“www.acayipiyibirfilm.com”
Birkaç aydır sinemalarda gösterilen o çarpıcı tanıtımı görenler, filmin web sitesi adresindeki “Matrix nedir” sorusunun cevabını, herhalde kısaca da olsa biliyorlardır artık: “Bütün insanlığı pil haline getirmek üzere kontrol altında tutmak için bilgisayarlar tarafından kurulmuş bir sanal dünya”!..
Aslına bakılırsa, filmde Morpheus karakterinin sarfettiği bu cümleyi epeyce açmak mümkün, ama ayrıntıları vermek, filmi seyretmenin zevkini ve heyecanını öldürebilir, dolayısıyla, ne biz anlatalım, ne de siz web sitesine girip öğrenmeye kalkın, gidip seyrettiğinizde zaten göreceksiniz ki, nerdeyse filmin tamamı “Matrix nedir?” sorusunun cevabına dair ayrıntılarla geçiyor...
Gündüzleri bir bilgisayar şirketinde programcı olarak çalışan, geceleri ise Neo adlı bir “hacker” olarak faaliyet gösteren Thomas Anderson da aynı soruyu aklından çıkaramıyor, bu yüzden bir “terörist” olarak “aranan” Morpheus’la tanışmaya da can atıyor, ama malum cevabı alınca hayatı altüst oluyor:
Öncelikle, yıl 1999 değil, 2199! Thomas, yaşadığını sanıyor, ama o, sadece canlı! Dünyadaki diğer milyarlarca insan gibi, çölleşmiş bu gezegende hakimiyeti ele geçiren bilgisayarlara enerji sağlamak için kullanılmak üzere “yetiştirilmiş” bir insan!
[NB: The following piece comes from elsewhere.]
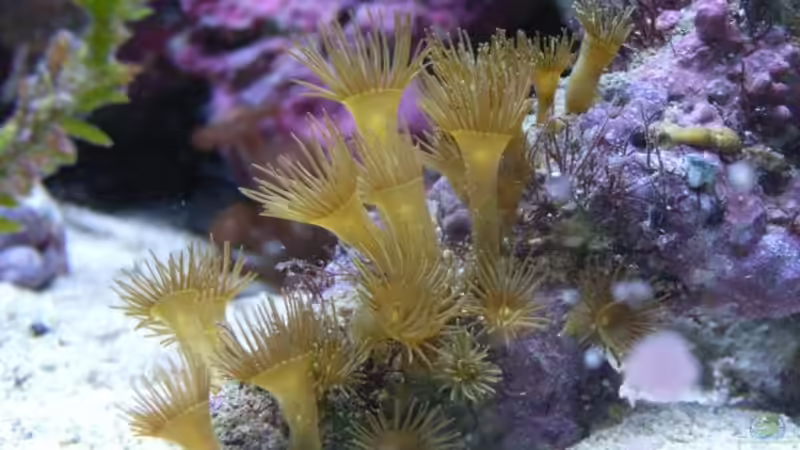 Gelbe Krustenanemone von Christian Marx (6)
Herkes gibi Thomas da, her gün işe gittiğini, yemek yediğini, sokaklarda dolaştığını filan sanıyor, ama aslında hayatının ilk gününden beri bir “pil yuvası”nda kablolara bağlı olarak yatıyor! Ama, yine kendisinin bilmediği bir farkı da var: O, “gerçek dünya”da yeraltında saklanarak insanlığı özgürlüğe kavuşturmak için mücadele veren Morpheus ve yedi arkadaşının kendi bilgisayar sistemleriyle sızdıkları “sanal dünya”da ölümsüz ve acımasız “ajan”lardan kaçarak yılardır aradığı “kurtarıcı” olan “One” aslında! Tabii, buna kendisi de inanır, korku ve şüphelerinden arınırsa...
Kameralarla dans!..
Larry ve Andy Wachoski kardeşler, yarattıkları “iki dünya”nın, yani hem “çölleşmiş gerçek dünya”nın hem de bildiğimiz hayatın sürdüğü “sanal dünya”nın iç mantıklarını, bazı noktaları belirsiz kalsa da, yavaş yavaş ama etkileyici biçimde kurdukları “The Matrix”te, karanlık bir gelecek tasvirini karamsar bir bakışla, ama muzipliği elden bırakmadan, heyecanlı ve keyifli bir üslupla anlatıyorlar...
Böylece “The Matrix”, hem iyi işlenmiş diyaloglarla ilerleyen zengin okumalara açık senaryosu, hem daha önce pek denenmemiş teknik numaraların başarıyla kullanıldığı dövüş ve silahlı çatışma sahneleri sayesinde, muhtemelen sinema tarihine geçecek bir “hareketli bilim-kurgu gerilim” filmi haline geliyor..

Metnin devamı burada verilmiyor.